_Study material_
+ + + +

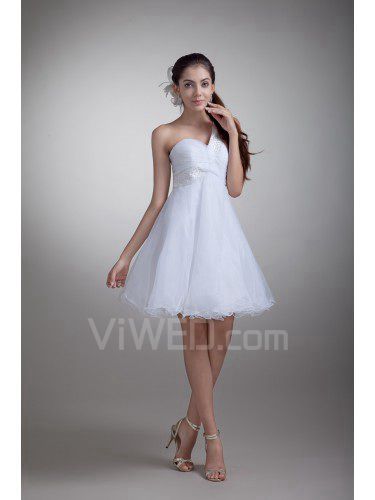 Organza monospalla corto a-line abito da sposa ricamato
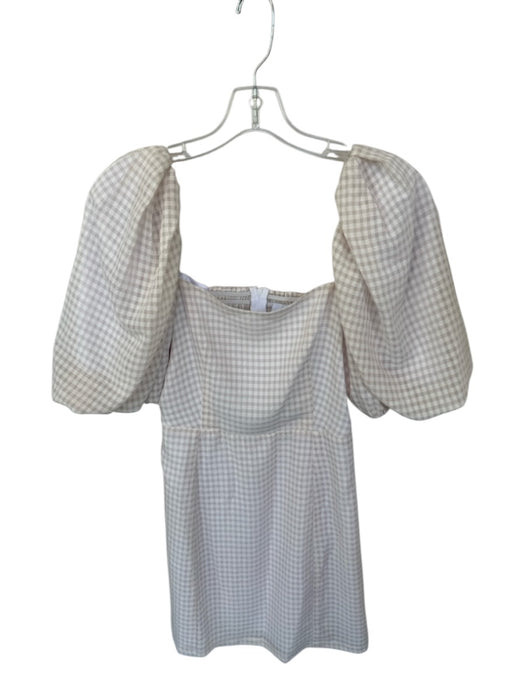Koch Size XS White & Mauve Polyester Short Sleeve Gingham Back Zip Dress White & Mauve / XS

+ + + +

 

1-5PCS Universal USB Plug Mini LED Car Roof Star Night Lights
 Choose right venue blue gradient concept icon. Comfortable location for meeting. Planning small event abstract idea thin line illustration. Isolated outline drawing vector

+ + + +

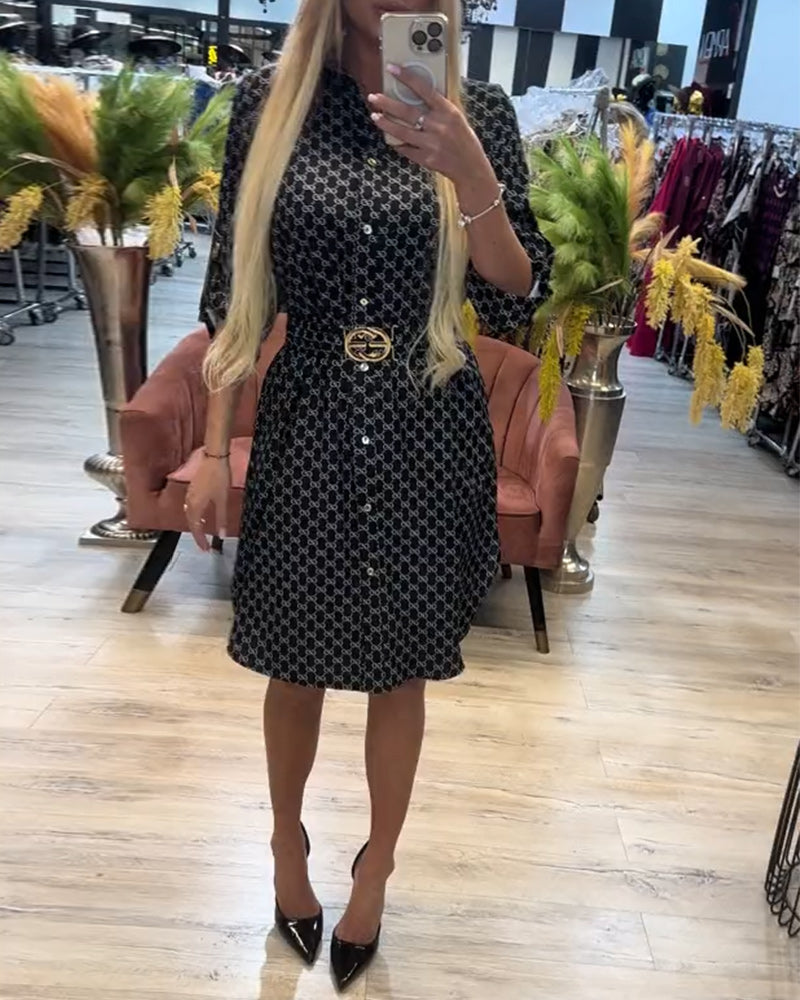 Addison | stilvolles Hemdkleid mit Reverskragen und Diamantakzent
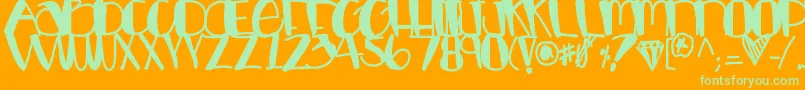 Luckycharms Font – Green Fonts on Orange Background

+ + + +

_Action item_
Within the listing above, print exactly the stretch beginning at the line that contains "Organza monospalla corto" and finishing at the line that contains "Koch Size XS", ends kept, pictures left out, and nothing more.

_Written answer_
 Organza monospalla corto a-line abito da sposa ricamato
Koch Size XS White & Mauve Polyester Short Sleeve Gingham Back Zip Dress White & Mauve / XS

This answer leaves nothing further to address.